Records supplied =>
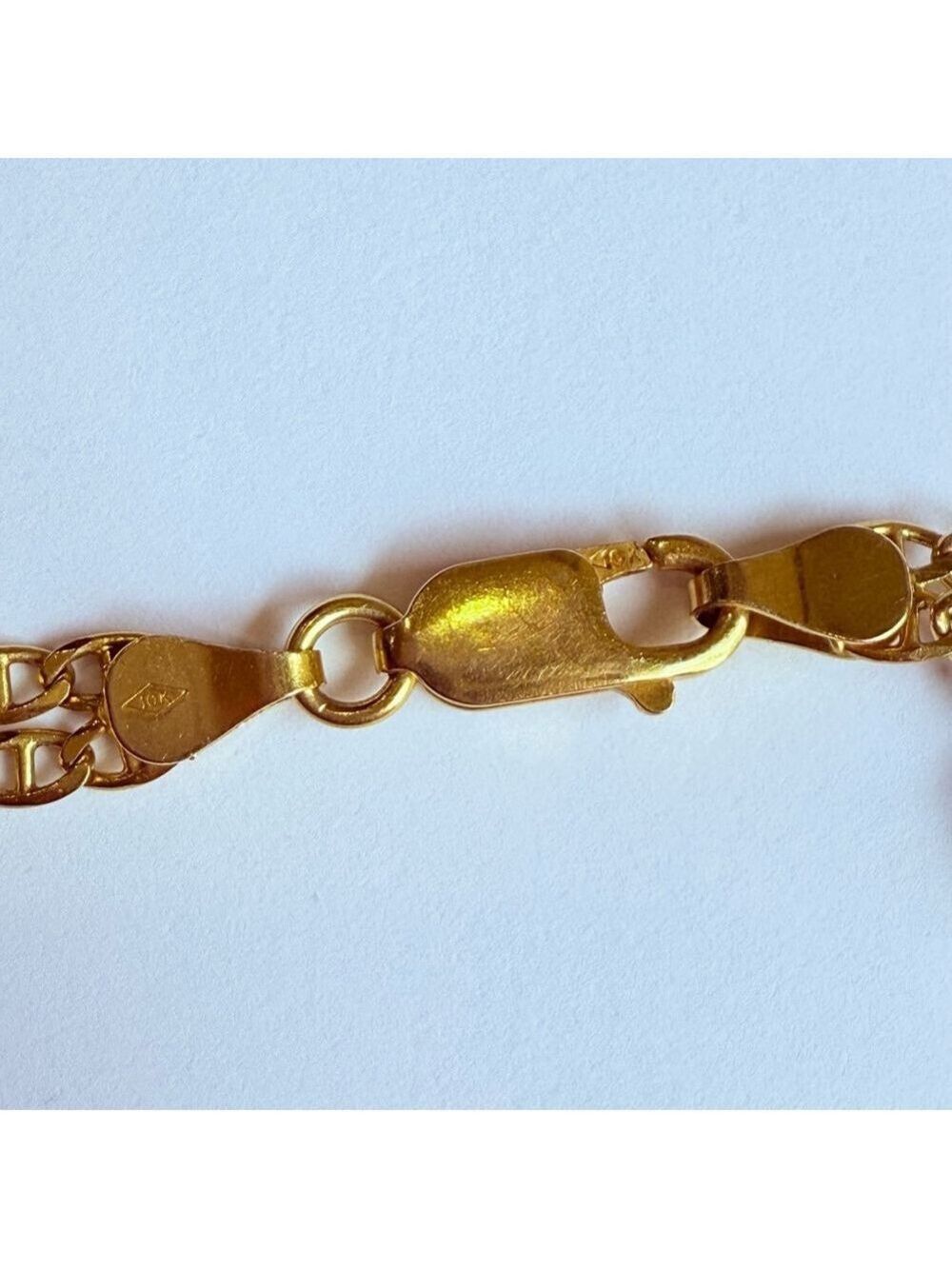 Estate 10K Solid Gold Ruby Sapphire Emerald Anchor Link Laro Italy Bracelet - Picture 6 of 9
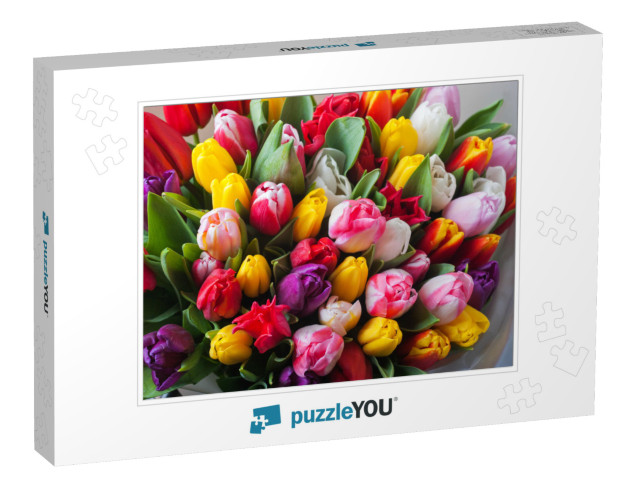Mix of Spring Tulips Flowers Near Grey Wall... Jigsaw Puzzle
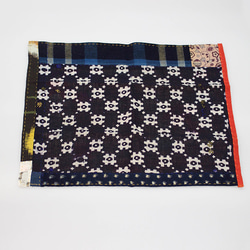 昭和の藍染で作った　古代裂（古代ぎれ）手縫い花ふきん４ 2枚目の画像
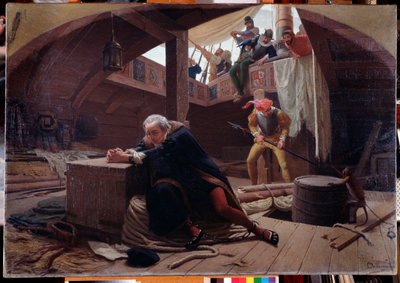 The Explorer and Navigator Christopher Columbus (1451-1506) Returning from His Third Voyage is Chained in the Cargo Hold by Lorenzo Delleani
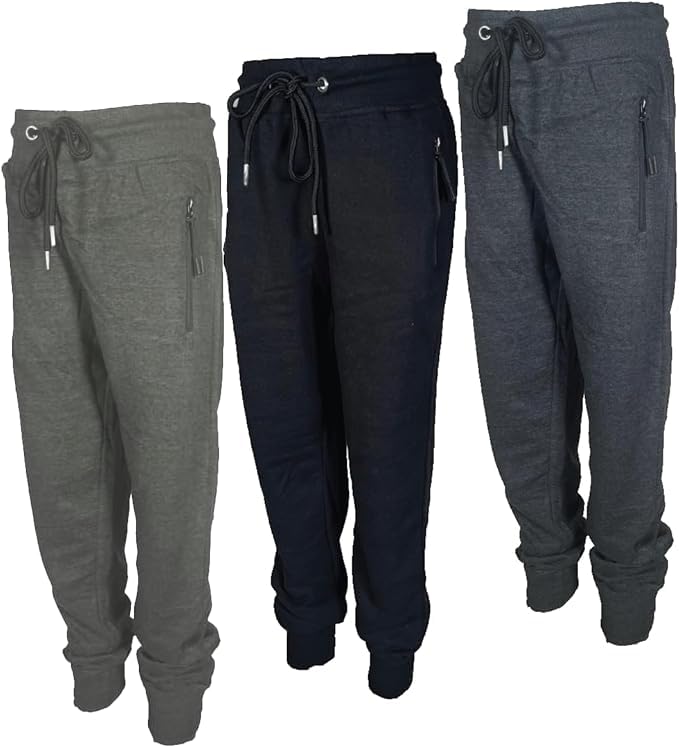 BROOKLYN VERTICAL 3-Pack Boys Fleece Cotton Joggers Sweatpants with Zipper Pocket and Drawstring | Small-XL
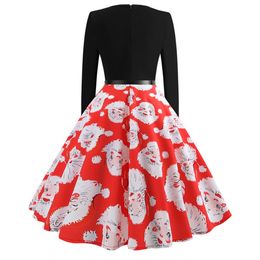 Wholesale-Women Santa Christmas Dress 2018 Hepunrn Style Pin Up Swing Party Dress Autumn Winter Elegant Long Sleeve Vintage Retro Dresses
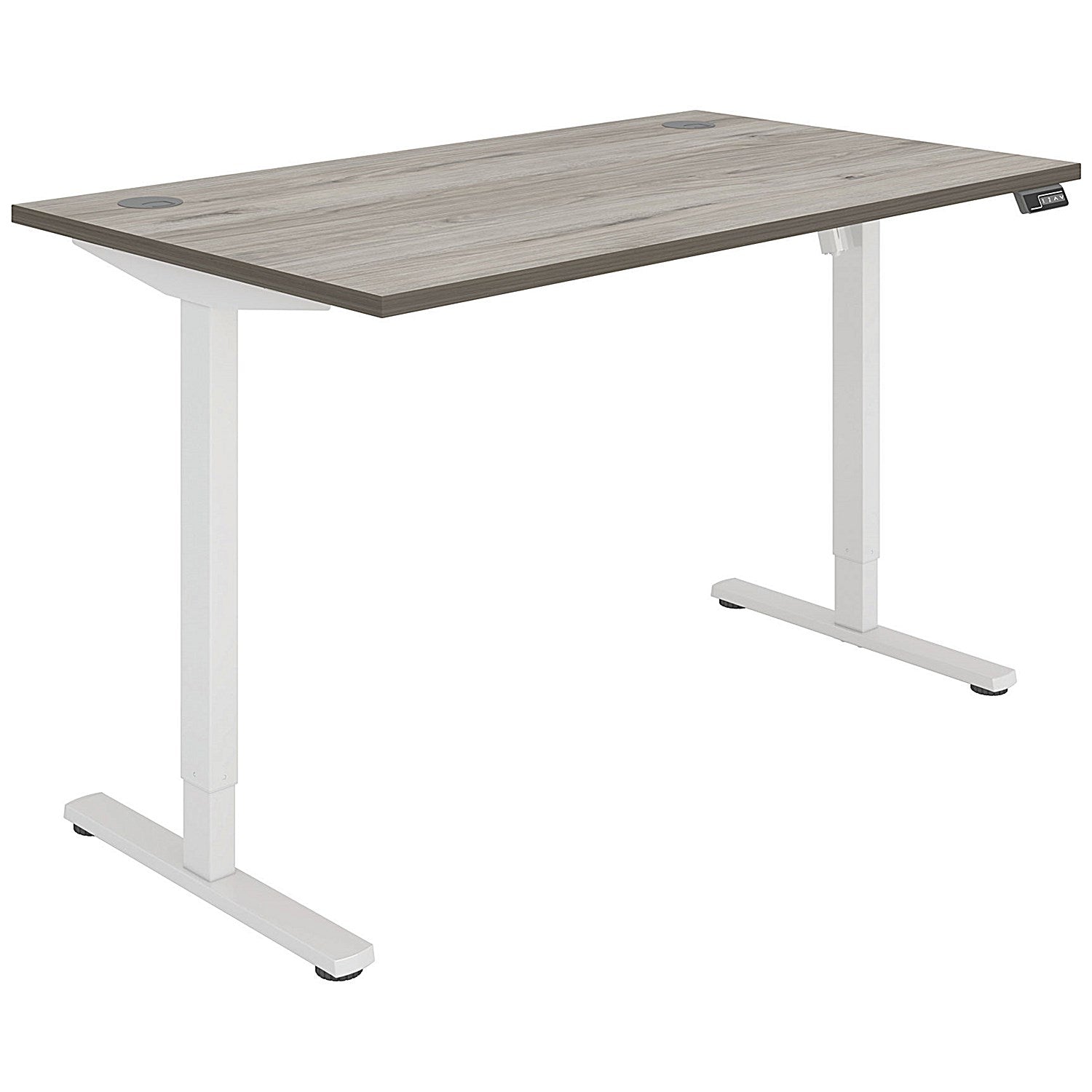 Polaris Single Motor Sit-Stand Desk, White Leg, 1400mm, Grey Oak Top Easy2Order : KF800091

What is required =>
The response should be the lines from the one containing "Wholesale-Women Santa Christmas" through the final line of the records, reproduced exactly and with every picture left out.

Response to this exercise =>
 Wholesale-Women Santa Christmas Dress 2018 Hepunrn Style Pin Up Swing Party Dress Autumn Winter Elegant Long Sleeve Vintage Retro Dresses
 Polaris Single Motor Sit-Stand Desk, White Leg, 1400mm, Grey Oak Top Easy2Order : KF800091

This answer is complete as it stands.